Se señalaba el pecho con el dedo al final del encuentro diciendo 'soy yo' el hombre elegido para encarnar a la nueva generación en un torneo loco y abierto de final más incierto que nunca.
Sólido y eficaz, el número 27 del mundo consiguió domesticar la furia de Fonseca, que se había convertido en una de las sensaciones del torneo, pero que se mostró por momentos demasiado impulsivo, ansioso de sacar a relucir su vistoso golpe de derecha.
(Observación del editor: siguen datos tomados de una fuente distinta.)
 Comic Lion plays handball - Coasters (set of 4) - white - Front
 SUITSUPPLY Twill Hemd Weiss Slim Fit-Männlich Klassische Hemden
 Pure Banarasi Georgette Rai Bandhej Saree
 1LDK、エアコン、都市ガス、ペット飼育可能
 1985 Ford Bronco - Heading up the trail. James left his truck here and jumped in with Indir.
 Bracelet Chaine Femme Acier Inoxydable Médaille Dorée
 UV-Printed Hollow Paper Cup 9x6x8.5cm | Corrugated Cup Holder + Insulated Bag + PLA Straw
Su juego agresivo fue contrarrestado por un sobrio Mensik, que por momentos también dio muestras de un elevado nivel y que no se amedrentó ante una grada que apoyaba al brasileño.
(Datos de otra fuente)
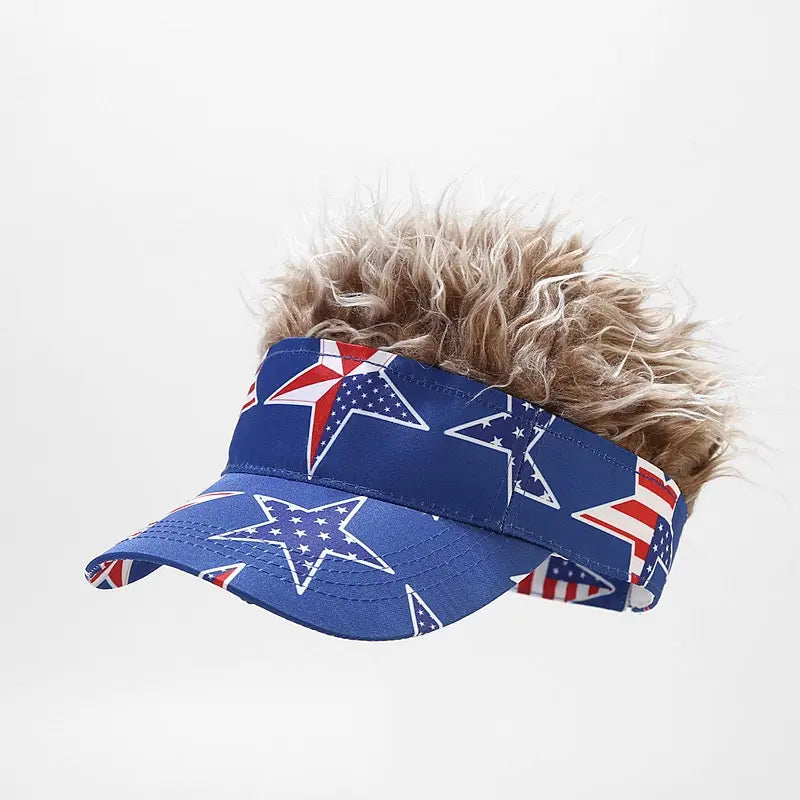 Patriotic US Flag Visor Hat with Fake Hair Wig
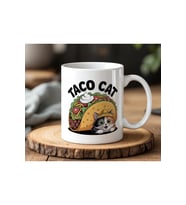 Taco Cat Tasarımlı Beyaz Seramik Baskılı Kupa Bardak 330ml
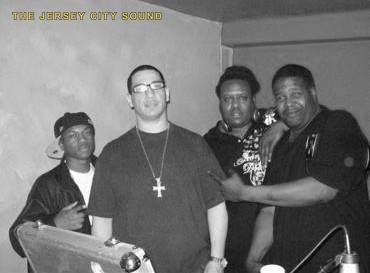 Pressureonline, DJ Wimpy Bee, and DJ Flash posed together at a studio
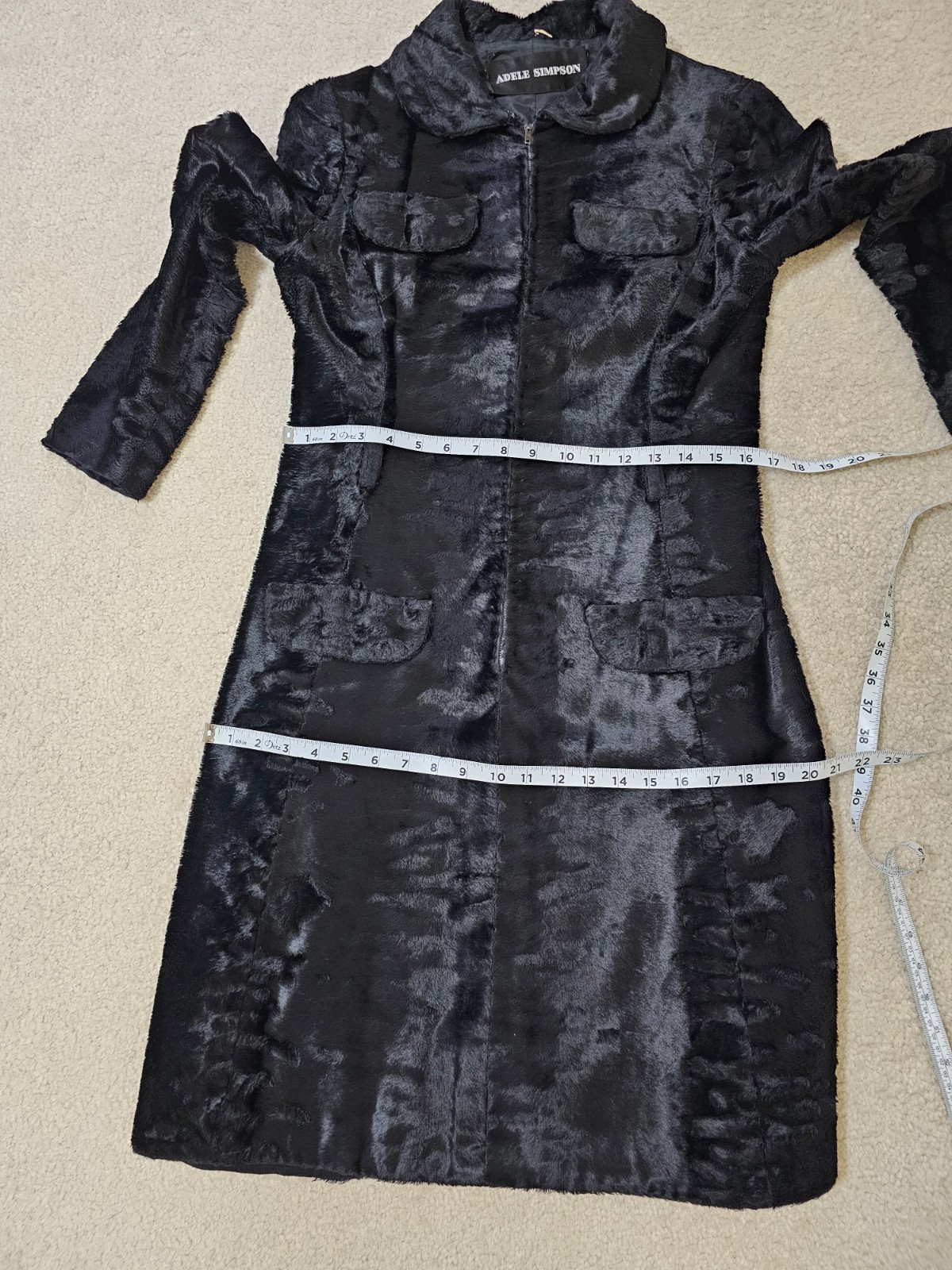 VTG 1960s Adele Simpson Womens Black Crushed Velvet Half Zip Coat Dress Sz. M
No le valieron esta vez los gritos de 'Joao' que se han convertido en un clásico de este Roland Garros, ni la presencia en la grada de Gustavo Kuerten, el último brasileño que alcanzó las semifinales de París.
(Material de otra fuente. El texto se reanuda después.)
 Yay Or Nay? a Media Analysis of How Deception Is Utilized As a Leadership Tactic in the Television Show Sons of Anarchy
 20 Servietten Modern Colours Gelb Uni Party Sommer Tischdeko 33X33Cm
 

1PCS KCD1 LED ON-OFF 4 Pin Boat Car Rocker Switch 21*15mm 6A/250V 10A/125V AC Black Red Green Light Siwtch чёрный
Tendrá que esperar Fonseca para sucederle. Tras remontar dos sets en contra al legendario Novak Djokovic, tras imponerse al 'terrícola' noruego Casper Ruud, el de Ipanema chocó contra un rival al que había derrotado en las NextGen, pero que está completando un torneo de kilates.
El brasileño, que aspiraba a convertirse en el quinto de su nacionalidad a acceder a semifinales de un Grand Slam, cedió en un intenso duelo, más igualado que lo que refleja el marcador. Su tenis ofensivo, los gritos con los que anuncian la pólvora, chocaron con la constancia del checo, discreto pero eficiente.
Llegó el brasileño a disponer de una pelota para apuntarse el tercer set, pero Mensik fue tan sólido que no dejó a su rival ni las migas.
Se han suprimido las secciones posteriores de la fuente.